Wesley graduated from Beaverton High School in 1995, where he did not participate in sports or special activities, school officials said. He joined the Army after high school, but left to live with his grandmother in Guam in the mid-1990s.

Relatives in Guam said he was particularly close with the grandmother, and was upset he couldn't return to Guam for her funeral this fall, his uncle, Joseph Wesley, told the Pacific Daily News of Guam on Thursday.

The three men were among 19 soldiers riding in two Stryker vehicles that fell into an irrigation canal when an embankment collapsed Monday evening.
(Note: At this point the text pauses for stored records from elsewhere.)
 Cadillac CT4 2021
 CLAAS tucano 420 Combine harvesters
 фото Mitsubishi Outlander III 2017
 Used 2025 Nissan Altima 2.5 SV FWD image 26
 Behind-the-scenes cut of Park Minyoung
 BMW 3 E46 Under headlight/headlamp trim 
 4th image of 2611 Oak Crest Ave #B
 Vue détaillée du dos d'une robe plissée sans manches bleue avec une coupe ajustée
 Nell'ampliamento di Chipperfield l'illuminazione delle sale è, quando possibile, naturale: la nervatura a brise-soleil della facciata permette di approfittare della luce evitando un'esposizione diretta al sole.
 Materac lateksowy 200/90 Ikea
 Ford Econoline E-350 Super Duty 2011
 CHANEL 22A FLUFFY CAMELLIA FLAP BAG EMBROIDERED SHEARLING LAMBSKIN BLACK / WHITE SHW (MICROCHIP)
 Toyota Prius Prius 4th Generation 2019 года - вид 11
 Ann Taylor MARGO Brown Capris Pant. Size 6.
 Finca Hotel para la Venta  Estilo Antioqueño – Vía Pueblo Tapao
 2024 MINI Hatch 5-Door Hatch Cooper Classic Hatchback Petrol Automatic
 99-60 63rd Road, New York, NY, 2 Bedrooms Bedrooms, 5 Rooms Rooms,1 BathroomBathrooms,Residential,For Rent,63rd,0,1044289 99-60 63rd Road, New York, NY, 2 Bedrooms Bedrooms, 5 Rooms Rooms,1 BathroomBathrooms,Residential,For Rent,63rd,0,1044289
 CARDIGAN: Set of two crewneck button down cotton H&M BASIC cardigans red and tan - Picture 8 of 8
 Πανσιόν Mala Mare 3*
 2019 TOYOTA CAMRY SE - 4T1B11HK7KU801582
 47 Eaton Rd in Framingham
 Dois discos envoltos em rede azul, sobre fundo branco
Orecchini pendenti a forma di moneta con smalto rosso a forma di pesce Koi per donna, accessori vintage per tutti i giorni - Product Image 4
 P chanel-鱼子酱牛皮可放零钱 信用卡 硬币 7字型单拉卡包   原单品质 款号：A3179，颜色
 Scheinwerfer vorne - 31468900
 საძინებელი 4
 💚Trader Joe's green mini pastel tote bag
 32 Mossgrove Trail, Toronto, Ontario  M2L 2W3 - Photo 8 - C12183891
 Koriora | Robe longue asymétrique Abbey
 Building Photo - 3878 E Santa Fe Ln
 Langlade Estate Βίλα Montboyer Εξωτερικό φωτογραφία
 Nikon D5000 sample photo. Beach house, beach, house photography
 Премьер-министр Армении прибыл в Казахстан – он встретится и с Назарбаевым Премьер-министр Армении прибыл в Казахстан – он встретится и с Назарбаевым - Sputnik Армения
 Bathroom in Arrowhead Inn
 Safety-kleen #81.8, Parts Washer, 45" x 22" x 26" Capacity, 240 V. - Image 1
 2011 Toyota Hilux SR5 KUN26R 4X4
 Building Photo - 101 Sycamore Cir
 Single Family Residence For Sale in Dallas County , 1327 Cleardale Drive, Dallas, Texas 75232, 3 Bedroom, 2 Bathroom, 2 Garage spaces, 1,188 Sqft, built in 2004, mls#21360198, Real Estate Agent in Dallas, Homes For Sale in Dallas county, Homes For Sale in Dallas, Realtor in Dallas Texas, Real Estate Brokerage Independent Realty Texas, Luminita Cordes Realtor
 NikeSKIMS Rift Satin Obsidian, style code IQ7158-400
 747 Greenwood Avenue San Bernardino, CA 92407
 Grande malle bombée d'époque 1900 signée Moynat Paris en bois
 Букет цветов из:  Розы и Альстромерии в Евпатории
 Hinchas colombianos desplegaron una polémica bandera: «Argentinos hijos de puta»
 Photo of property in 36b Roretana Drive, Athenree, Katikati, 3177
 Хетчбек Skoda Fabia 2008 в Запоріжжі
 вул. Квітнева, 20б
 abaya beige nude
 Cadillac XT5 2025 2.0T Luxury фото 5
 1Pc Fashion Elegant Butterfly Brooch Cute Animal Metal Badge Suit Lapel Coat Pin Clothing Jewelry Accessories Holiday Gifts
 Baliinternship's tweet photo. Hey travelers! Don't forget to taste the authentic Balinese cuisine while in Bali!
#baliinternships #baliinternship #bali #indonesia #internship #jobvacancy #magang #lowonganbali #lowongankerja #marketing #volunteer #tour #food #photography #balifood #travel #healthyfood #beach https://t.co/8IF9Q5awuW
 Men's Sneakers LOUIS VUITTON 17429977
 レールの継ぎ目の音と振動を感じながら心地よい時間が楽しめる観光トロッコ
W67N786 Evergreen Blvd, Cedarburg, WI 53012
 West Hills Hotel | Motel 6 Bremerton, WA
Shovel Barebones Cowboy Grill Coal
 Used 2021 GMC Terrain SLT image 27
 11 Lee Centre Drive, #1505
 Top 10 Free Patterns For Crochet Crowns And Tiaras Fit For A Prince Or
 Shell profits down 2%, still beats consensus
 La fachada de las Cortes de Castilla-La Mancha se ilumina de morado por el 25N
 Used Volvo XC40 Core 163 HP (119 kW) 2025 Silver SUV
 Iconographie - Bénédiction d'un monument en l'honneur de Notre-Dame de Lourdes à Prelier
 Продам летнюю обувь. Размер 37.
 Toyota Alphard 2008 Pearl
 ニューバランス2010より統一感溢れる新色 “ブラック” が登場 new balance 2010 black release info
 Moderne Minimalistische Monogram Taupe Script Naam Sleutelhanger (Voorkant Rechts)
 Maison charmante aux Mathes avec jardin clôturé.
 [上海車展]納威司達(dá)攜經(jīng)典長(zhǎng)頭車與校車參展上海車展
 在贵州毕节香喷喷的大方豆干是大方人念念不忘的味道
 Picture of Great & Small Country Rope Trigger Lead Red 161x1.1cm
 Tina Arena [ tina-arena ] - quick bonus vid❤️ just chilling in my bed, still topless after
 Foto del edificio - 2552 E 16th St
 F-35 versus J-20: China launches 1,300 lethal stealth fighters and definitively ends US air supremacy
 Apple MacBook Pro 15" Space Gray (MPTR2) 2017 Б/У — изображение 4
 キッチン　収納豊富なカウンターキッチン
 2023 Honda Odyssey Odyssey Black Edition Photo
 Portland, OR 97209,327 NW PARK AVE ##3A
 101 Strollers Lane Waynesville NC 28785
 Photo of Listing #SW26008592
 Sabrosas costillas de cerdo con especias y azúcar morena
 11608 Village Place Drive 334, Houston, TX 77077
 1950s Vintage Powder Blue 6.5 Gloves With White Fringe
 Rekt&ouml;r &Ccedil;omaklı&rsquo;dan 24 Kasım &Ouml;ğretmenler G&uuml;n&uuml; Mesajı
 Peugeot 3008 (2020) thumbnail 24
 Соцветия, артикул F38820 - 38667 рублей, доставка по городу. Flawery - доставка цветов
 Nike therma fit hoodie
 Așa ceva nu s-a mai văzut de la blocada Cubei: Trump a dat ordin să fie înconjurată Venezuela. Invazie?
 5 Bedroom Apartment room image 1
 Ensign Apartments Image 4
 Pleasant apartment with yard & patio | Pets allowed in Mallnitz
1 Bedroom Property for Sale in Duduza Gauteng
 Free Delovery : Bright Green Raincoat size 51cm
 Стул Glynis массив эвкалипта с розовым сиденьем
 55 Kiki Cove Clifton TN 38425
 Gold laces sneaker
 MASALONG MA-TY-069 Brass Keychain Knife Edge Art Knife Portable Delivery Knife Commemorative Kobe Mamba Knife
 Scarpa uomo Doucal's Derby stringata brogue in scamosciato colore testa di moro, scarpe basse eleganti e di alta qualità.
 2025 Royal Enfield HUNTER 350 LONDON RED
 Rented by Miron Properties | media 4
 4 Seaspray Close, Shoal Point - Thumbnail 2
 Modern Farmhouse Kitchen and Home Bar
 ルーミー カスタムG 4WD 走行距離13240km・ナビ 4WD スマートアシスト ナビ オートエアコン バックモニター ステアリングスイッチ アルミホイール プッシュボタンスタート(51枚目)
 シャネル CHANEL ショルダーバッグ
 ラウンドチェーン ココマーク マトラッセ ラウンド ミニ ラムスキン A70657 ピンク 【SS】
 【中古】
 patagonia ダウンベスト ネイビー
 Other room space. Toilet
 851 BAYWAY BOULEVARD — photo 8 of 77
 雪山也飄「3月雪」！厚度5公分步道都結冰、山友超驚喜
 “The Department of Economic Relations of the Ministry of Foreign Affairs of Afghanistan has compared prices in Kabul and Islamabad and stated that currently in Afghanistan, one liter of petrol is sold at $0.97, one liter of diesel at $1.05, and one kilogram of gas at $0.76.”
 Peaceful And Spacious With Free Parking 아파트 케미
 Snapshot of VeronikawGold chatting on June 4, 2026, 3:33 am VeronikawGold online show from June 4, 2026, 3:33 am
A fourth soldier was rescued from a submerged vehicle, revived and hospitalized.

The accident happened less than a week after the 5,000-member brigade entered Iraq from Kuwait, taking 300 of the new medium-weight Army vehicles into hostile territory for the first time.

Back at Fort Lewis, public affairs officer Barger would not address reports that the hatch of one of the Stryker vehicles was inadvertently left padlocked at the time of the accident. He said an investigation is continuing. Rounds has said that the lock did not prevent anyone capable of escaping from getting out.

Asked whether the accident raised questions about the effectiveness of the Stryker vehicles, Barger said, "We're confident in all the equipment we've been given and the ability of all our soldiers to use it."

At least eight other soldiers with ties to the Tacoma area have been killed while serving in Iraq or elsewhere in the war on terrorism since early 2002. Some grew up in Pierce County. Others were stationed or had trained at Fort Lewis.

Two died while fighting terrorists in the Philippines, two while pursuing the Taliban and al-Qaida in Afghanistan and four while deployed in the war on Iraq. They were victims of helicopter or vehicle crashes, terrorist bombings or hostile enemy fire.

--News Tribune staff writers Sean Robinson and Adam Lynn and The Associated Press contributed to this report.